> _Your objective_:
The required answer is the data below, restated word for word with images omitted.

> _Material provided_:
┌──
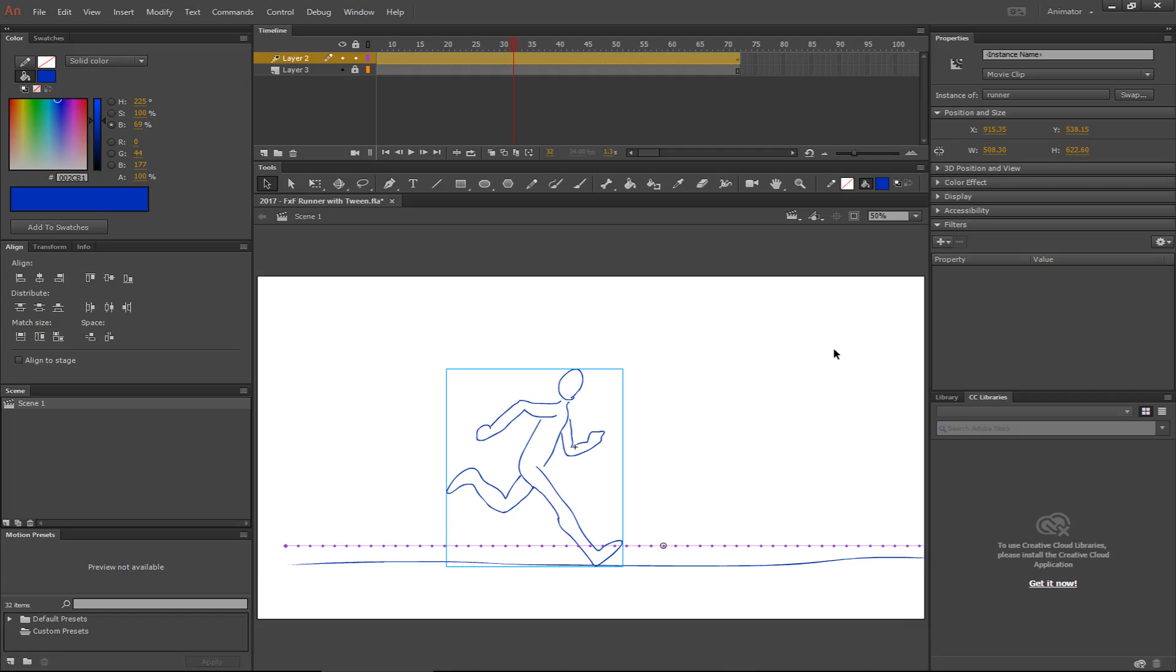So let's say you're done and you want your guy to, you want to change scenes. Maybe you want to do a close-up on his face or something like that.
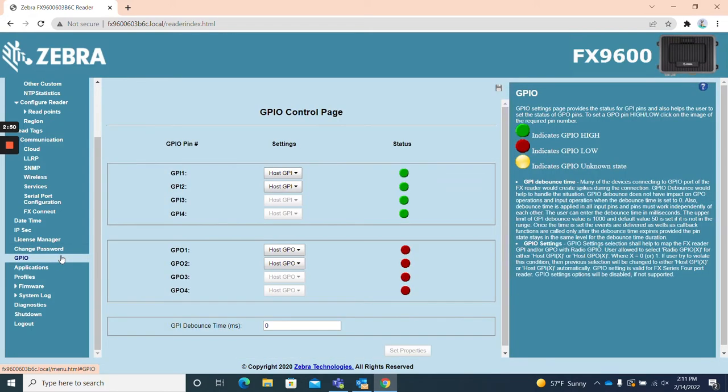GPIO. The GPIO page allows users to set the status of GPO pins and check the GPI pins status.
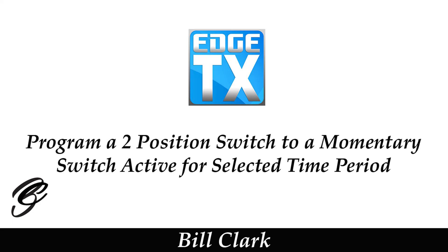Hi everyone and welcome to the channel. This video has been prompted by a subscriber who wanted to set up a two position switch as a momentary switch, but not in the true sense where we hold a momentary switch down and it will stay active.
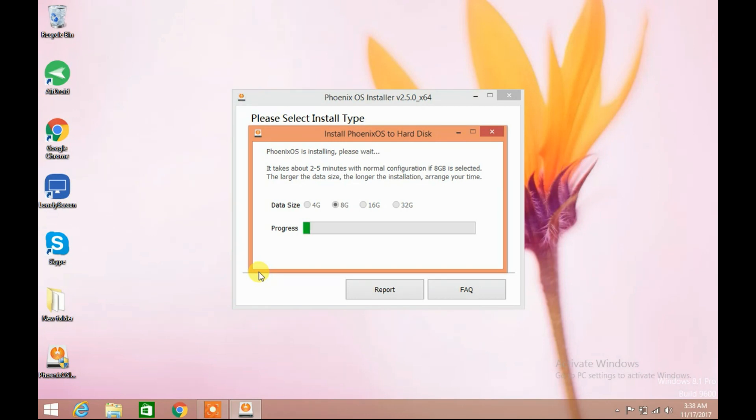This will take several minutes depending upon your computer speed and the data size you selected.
└──
> _Problem solution_:
So let's say you're done and you want your guy to, you want to change scenes. Maybe you want to do a close-up on his face or something like that.
GPIO. The GPIO page allows users to set the status of GPO pins and check the GPI pins status.
Hi everyone and welcome to the channel. This video has been prompted by a subscriber who wanted to set up a two position switch as a momentary switch, but not in the true sense where we hold a momentary switch down and it will stay active.
This will take several minutes depending upon your computer speed and the data size you selected.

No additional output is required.